Не зря исколесил он всю Россию от Перми до Кубани, от Днепра до Амура, от Баку до Ново-Николаевска и пользовался каждой минутой, чтобы еще ближе изучить ее быт; он неустанно пополнял свои знания, и к тому времени, как он воротился с Сахалина, он уже знал ее лучше, чем все беллетристы его эпохи, взятые вместе.
Как это ни странно звучит, иные из них даже видели в этом его недостаток. Один вскоре после его смерти писал:
«Он увидел Россию яснее, чем кто-либо, но проглядел Европу, проглядел мир...»
Этот презрительный автор не уразумел одного: Чехов потому-то и сделался всеевропейским и всемирным писателем, что он так глубоко вошел в свою русскую почву, ибо творчество всякого великого художника, будет ли это Гюго, Петефи или Шопен, Рембрандт или Гёте, лишь тогда становится достоянием всего человечества, когда в центре его космоса-родина.
И кроме того - какой это бессмысленный вздор, будто Чехов чуждался Европы! Стоит перечитать его весенние письма из Вены, из Венеции, из Парижа (1891), чтобы увидеть, что Европа, напротив, пленяла его лучшими сторонами своего бытия.
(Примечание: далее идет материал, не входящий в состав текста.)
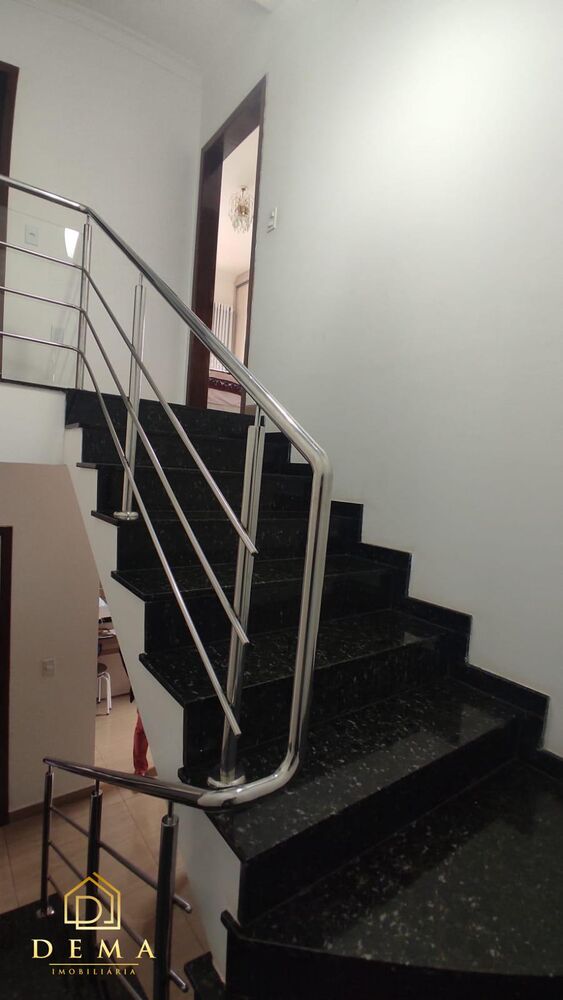 Sobrado à venda com 2 quartos, 194m² - Foto 9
Когда один из его почитателей высказал мнение, будто он «отклонился от Запада», будто лучшие европейские города были скучны для него, Антон Павлович Чехов горячо возразил против этой вопиющей неправды.
«Надо быть быком, - писал он, - чтобы, приехав первый раз в Венецию или во Флоренцию, стать «отклоняться от запада».
Самое подозрение о том, что он мог не ценить достижений европейской культуры, показалось ему кровной обидой, ибо он был европеец до мозга костей, в лучшем понимании этого слова.
«Желательно было бы знать, - писал он, - кто это старается, кто оповестил всю вселенную о том, что будто заграница мне не понравилась? Господи ты боже мой, никому я ни одним словом не заикнулся об этом. Мне даже Болонья понравилась. Что же я должен был делать? Реветь от восторга? Бить стекла? Обниматься с французами?»
И все же как бы он ни относился к чужбине - мысли его были в России. Его томили и мучили ее «свинцовые мерзости», но даже из Сибири, где ему было мучительно тяжко, он писал:
«Боже мой, как богата Россия хорошими людьми!» И этот возглас самого Чехова перекликается с тем, что говорит у него «В овраге» батрак, которого Липа приняла за святого:
«Я во всей России был и все в ней видел, и ты моему слову верь... было и дурное, было и хорошее... Хорошего было больше».
Правда, дурное в ней мерзко до ужаса... Но все оно случайное, временное, оно - лишь на поверхности народного быта, а сердце народное по-прежнему величаво и праведно, по-прежнему обаятельно своей нравственной силой, которой не сломить никому. Эта-то глубокая чеховская вера в затаенную до времени силу и правду народа и помогла ему преодолеть то отчаяние, которое внушали ему «свинцовые мерзости» тогдашнего русского быта.
Невозможно приблизиться к пониманию России, не изучая ее великих народных писателей. Одним из таких писателей был Антон Павлович Чехов.